Monday, October 29, 2012

[134] 18th-century instruments featured in Oct. 29 trio concert at MTSU

FOR RELEASE: Oct. 26, 2012
EDITORIAL CONTACT: Tim Musselman, or 615-898-2493

MURFREESBORO The music of Haydn, Mozart and Beethoven will be featured on the instruments of the composers’ own classical period in a free public concert set for 7:30 p.m. Monday, Oct. 29, in Hinton Music Hall inside MTSU’s Wright Music Building.

“The instruments that we know today were altered significantly in the 19th century,” said Dr. George T. Riordan, director of the MTSU School of Music.

“Our artists will be recreating the style that the composers would have expected so the music may be heard in all its original color and clarity.”

One of the instruments featured in the concert will be the fortepiano, the late 18th-century forerunner of the modern piano. MTSU music faculty member Lillian Pearson will perform on this instrument, which was acquired a year ago by the School of Music.

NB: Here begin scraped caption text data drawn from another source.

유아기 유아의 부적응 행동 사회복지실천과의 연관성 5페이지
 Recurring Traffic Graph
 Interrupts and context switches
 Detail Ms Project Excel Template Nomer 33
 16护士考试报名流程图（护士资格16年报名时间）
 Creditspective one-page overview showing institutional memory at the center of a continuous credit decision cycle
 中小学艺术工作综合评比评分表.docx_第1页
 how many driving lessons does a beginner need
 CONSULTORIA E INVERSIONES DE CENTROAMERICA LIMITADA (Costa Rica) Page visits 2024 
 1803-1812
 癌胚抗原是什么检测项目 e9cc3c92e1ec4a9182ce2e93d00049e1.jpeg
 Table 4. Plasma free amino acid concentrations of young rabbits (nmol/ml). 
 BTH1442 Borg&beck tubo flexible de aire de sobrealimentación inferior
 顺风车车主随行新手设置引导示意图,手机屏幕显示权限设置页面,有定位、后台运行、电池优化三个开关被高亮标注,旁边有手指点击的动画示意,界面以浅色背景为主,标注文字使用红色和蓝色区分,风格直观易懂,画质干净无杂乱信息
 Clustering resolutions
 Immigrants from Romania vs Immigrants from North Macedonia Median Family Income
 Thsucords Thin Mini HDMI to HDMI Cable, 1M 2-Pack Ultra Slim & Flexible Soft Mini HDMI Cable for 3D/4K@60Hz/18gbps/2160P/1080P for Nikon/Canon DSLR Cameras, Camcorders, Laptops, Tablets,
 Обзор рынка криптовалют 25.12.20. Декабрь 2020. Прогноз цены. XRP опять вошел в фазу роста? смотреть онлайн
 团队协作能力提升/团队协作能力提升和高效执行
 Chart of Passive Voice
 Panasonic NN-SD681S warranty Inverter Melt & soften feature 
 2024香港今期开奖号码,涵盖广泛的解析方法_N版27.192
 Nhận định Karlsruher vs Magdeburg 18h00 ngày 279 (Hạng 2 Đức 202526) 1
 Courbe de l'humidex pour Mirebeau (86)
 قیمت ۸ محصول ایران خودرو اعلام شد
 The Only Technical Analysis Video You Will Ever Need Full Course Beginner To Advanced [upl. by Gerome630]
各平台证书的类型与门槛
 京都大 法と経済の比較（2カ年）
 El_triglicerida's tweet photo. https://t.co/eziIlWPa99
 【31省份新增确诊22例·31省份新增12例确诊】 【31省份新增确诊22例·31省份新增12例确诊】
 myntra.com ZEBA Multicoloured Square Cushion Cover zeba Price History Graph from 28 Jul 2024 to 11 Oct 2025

Riordan noted that unlike later pianos with cast-iron frames built from the mid-19th century onwards, the fortepiano has an interior wooden frame and a simpler action. That creates a tone that is lighter and softer than its more familiar modern counterparts, he said.

Karen Clarke, a member of the faculty of the Blair School of Music at Vanderbilt University, will perform on a violin from the same time period. Nashville Symphony Orchestra member Christopher Stenstrom will perform on the period cello.

Pearson, Clarke and Stenstrom are also all members of Music City Baroque, Nashville’s period instrument ensemble. 

Music featured in the Oct. 29 concert includes Franz Joseph Haydn’s “Trio in E Major,” Wolfgang Amadeus Mozart’s “Sonata in F Major” and Ludwig van Beethoven’s “Trio in G Major.”
The trio also will perform in Nashville on Sunday, Oct. 28, at 8 p.m. in the Turner Recital Hall at the Blair School of Music.